Le genre d'exposition qui m'enchante en général .. que cet art est beau, si simple en apparence, mais tellement profond.
Antoinette Faÿ-Hallé écrit ceci dans le catalogue : "Parce que Bai Ming sait d'où il vient, il sait aussi où il va. Peu d'artistes de notre époque sont capables d'un tel sentiment de plénitude. Il m'a comblée."
C'est magnifique
Merci d'apprécier, bonne après-midi.
Que c'est magnifique.... Mais pourrait-on boire ou manger dans ce bol bleu ou la seule contemplation pourrait-elle être suffisamment nourrissante ?
Les céramiques de Bai Ming sont des oeuvres de création avant tout.
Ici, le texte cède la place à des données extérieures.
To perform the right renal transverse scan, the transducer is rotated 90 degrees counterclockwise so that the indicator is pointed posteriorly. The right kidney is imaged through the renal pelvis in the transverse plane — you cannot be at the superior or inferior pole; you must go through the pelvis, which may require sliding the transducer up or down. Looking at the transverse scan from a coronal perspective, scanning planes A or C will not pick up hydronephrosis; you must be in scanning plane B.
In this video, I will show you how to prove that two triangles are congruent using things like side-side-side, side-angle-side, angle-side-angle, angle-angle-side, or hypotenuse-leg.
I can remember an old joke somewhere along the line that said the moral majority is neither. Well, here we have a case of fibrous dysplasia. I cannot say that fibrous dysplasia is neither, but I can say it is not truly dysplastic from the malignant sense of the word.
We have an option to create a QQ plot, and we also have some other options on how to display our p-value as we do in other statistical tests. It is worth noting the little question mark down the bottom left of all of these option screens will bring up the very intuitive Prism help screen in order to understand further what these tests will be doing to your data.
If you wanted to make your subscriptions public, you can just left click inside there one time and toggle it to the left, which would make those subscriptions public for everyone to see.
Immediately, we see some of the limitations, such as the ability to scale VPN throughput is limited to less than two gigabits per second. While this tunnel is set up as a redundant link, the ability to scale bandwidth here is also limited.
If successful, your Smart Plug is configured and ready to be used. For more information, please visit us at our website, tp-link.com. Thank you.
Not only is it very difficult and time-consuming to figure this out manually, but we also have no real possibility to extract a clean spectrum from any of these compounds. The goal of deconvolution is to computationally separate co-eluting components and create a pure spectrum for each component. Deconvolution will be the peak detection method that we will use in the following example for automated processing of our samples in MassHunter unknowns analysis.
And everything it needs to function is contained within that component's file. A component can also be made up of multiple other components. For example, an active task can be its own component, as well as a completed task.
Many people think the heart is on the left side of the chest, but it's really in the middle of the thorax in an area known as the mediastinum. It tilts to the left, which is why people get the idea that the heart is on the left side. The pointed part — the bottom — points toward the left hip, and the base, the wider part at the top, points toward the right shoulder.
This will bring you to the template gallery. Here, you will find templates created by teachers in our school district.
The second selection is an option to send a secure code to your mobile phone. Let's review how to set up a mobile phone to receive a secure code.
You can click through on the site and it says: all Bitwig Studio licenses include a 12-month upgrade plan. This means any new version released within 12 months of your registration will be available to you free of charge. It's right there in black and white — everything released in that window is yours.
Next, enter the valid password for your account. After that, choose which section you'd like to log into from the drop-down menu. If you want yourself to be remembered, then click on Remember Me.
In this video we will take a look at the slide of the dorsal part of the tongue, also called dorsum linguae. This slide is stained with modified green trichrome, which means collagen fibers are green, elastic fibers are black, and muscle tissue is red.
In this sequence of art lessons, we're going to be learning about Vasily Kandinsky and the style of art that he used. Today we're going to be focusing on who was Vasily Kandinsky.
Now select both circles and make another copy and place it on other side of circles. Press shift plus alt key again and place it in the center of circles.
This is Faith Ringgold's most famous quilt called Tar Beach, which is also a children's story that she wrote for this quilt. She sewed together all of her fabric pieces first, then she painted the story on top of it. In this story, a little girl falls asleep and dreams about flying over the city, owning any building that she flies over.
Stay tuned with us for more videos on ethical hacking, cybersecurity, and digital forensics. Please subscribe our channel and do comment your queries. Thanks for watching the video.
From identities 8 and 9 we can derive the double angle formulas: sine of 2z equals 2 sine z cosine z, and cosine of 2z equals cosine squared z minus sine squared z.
Se nourrir de ce qu'on contemple ? Certainement.
Vibrations de la terre qu'on ressent rien qu'en photos. C'est superbe et magnifiquement présenté. Je reviendrai pour cliquer sur tous les liens, merci!
La vidéo surtout vaut la peine d'être regardée. Bonne soirée, Colo.
C'est un travail superbe, d'un grand raffinement. J'ai agrandi tes photos pour mieux détailler ces œuvres magnifiques, Merci Tania pour cette découverte, je note le nom de cet artiste, son look me plait bien en plus. Bises. brigitte
J'aime aussi le regarder travailler, son geste est sobre, rythmé, juste,. Bises.
Tania, merci de m'avoir présenté ce merveilleux artiste. Quand je regarde Red Reed Song, je sens le vent souffler. Bai Ming est vraiment un artiste du spirituel.
Absolument. Depuis 2001, il donne des conférences de temps à autre aux Etats-Unis, j'espère que son art arrivera jusqu'à toi.
Quelle splendide exposition. Moi aussi, comme toi, je trouve que rien que les titres font rêver. Espérons que ce lieu pourra continuer à fonctionner et que les politiques s'apercevront de sa valeur..
J'ai écrit quelques messages dans ce sens, mais on n'en a même pas accusé réception jusqu'à présent.
C’est le. hasard qui m’a conduite à cette exposition dont on parle trop peu !!! Je n’étais pas préparée à un tel émerveillement et suis ravie que vos commentaires les mettent en mots.... Merci...
Bonsoir & bienvenue. C'est l'article de Guy Duplat dans La Libre Belgique (où la publicité de Keramis continue) qui m'a donné envie de visiter cette exposition, et aussi le plaisir que j'avais eu lors de ma première visite du centre Keramis. Heureuse que ce billet vous ait plu.